━━ TASK INPUTS
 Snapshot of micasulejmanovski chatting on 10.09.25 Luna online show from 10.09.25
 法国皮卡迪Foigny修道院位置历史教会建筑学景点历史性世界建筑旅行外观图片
━━━━
━━ TASK INPUTS
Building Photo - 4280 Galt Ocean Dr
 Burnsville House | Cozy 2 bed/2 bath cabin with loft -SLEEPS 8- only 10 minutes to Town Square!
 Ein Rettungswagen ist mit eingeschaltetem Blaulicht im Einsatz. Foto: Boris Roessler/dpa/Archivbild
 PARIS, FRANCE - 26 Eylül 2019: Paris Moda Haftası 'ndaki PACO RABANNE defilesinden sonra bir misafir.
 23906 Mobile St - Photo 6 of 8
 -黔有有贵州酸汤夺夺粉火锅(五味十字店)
━━━━
━━ TASK INPUTS
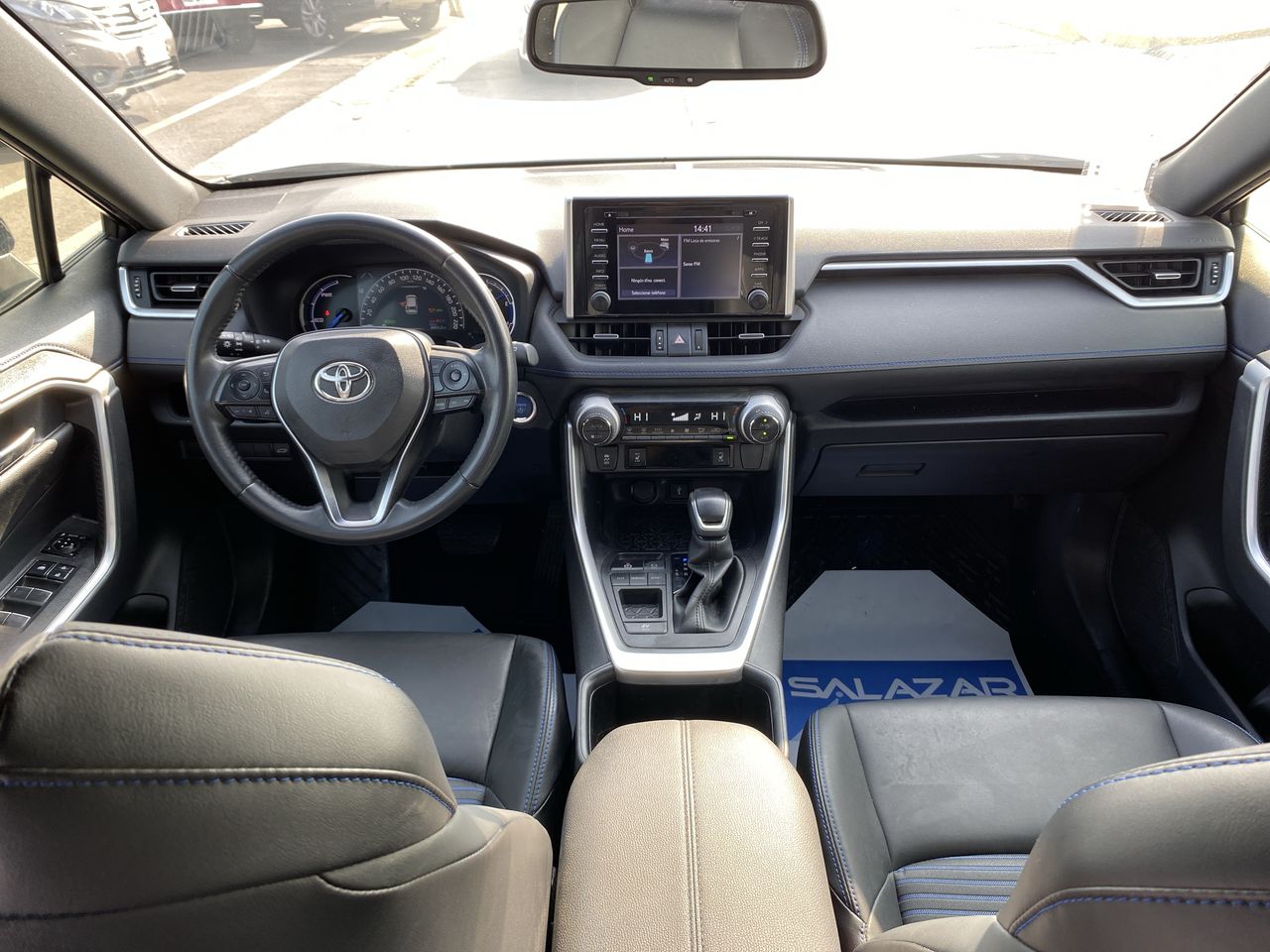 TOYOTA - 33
━━━━
▶ TASK REQUIREMENTS
Within the material above, the line with "Snapshot of micasulejmanovski" opens the range and the line with "法国皮卡迪Foigny修道院位置历史教会建筑学景点历史性世界建筑旅行外观图片" closes it; reproduce that range word for word.

▶ RESULT FOR THIS TASK
 Snapshot of micasulejmanovski chatting on 10.09.25 Luna online show from 10.09.25
 法国皮卡迪Foigny修道院位置历史教会建筑学景点历史性世界建筑旅行外观图片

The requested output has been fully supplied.